Transvestites in the Dungeon on a Tuesday.

I pull up uncomfortably close to a potted ficus. I decide my car will most likely be broken into and that's ok. I also decide I really must spend more time downtown on Broad Street because just LOOK at all those sparkling pants and fake hair in those windows.
I mutter and curse under my breath at the cold and the new hazardous obstacles on the Broad Street medians which really do inconvenience one when one is trying to jaywalk. I arrive at the opposite side of the street and peep back over my shoulder at the glowing marquee of the Novempire. I think, "Hahaha.
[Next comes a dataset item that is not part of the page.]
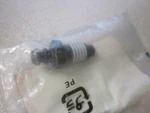 Nos Honda Bleeder Screw GL1500 GL1800 NRX1800 TRX250 TRX350 43352-HC5-971 Qty. Fixed Price $9.94.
I am not at rehearsal." I then peep back to my front and realize that while I may very well be not at rehearsal I also have no idea where I actually am in relation to where I am purportedly going. Broad Street is mostly deserted and all I really know about the location I am looking for is that once during a birthday brunch in one of the upstairs apartments of that building Maggie Roop felt a deep confidence that she had observed a pimp transaction on the corner across the street.
So I look up the address on my phone because who needs to freeze to death outside of the shiny pants store on a Tuesday night when one has to die elegantly in a barnyard the next morning anyway. I locate the building. It looks like artistic things happen inside this building. You know the type. Cutesy little postcards being hip and clever scotch taped in interesting asymmetrical fashions to the windows, lots of lamps shaped in ways that you can tell are SUPPOSED TO BE CUNNING, an assortment of items that are colored pastel green, and- the largest most aggressive meaty lock I have ever seen firmly securing the front door.
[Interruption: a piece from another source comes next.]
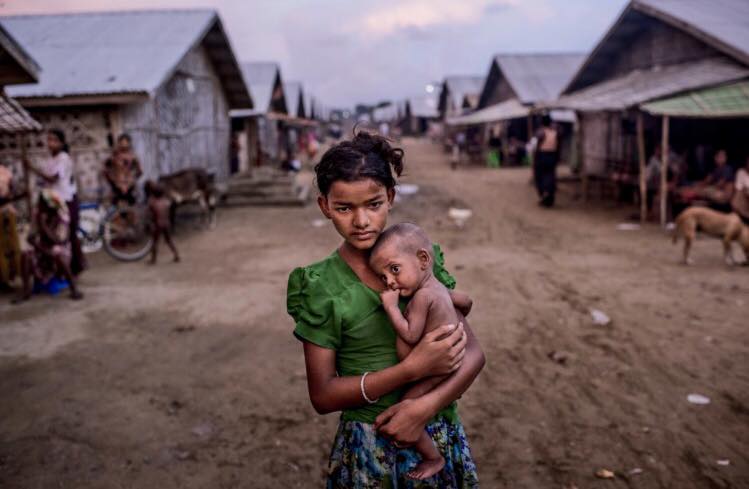 haqqstellungnah's tweet photo. #Save #Rohingya #meist #verfolgte #Minderheit #in #der #Welt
So. Probably I'm not going in that way. I think about the fact that the place I am going is called "The Basement." While my friends are wise and clever and not at all overly literal I have been given reason to think that this might actually be, indeed, a basement. I had, after all, heard tell not three days prior that Nick Aliff had been spotted covered in white powder painting the poop pipes brown. Or black. Might have been black. Should be black. Nobody wants brown poop pipes, that seems to call too much to mind.
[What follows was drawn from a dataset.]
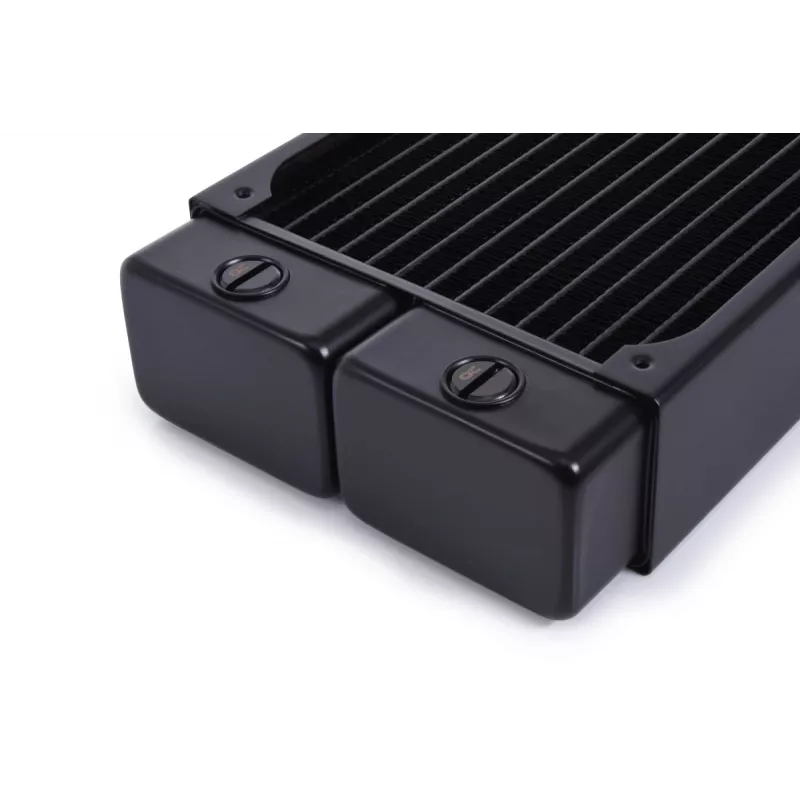 Peça/acessório de sistema de refrigeração de computador Alphacool 14440 radiador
I pop around the corner and immediately spy a black metal gated rectangle concealing a flight of stairs DOWN into nothingness. Ok, it wasn't that dramatic but I began pretending at once to be in James Bond and Mission: Impossible and was spying it up for my own enjoyment. I was also wearing my blue crushed velvet dramatic evening coat which added a lot, I think, as it blew nicely in the wind while I twined my cold bony fingers around the metal grated door and squinted my eyes at my potentially dangerous surroundings. And that was a lot of fun for four or five minutes but then I realized Maggie told me the top-secret IDR was starting at 8:30 and that was coming right up. So I opened the latch (which also made me feel bad-ass because it's NOT obvious how one does that) and trotted down the steps where I encountered the most beautiful blue door I have ever seen. That made me happy so I updated my Facebook status to reflect such. The evening is off to a promising start.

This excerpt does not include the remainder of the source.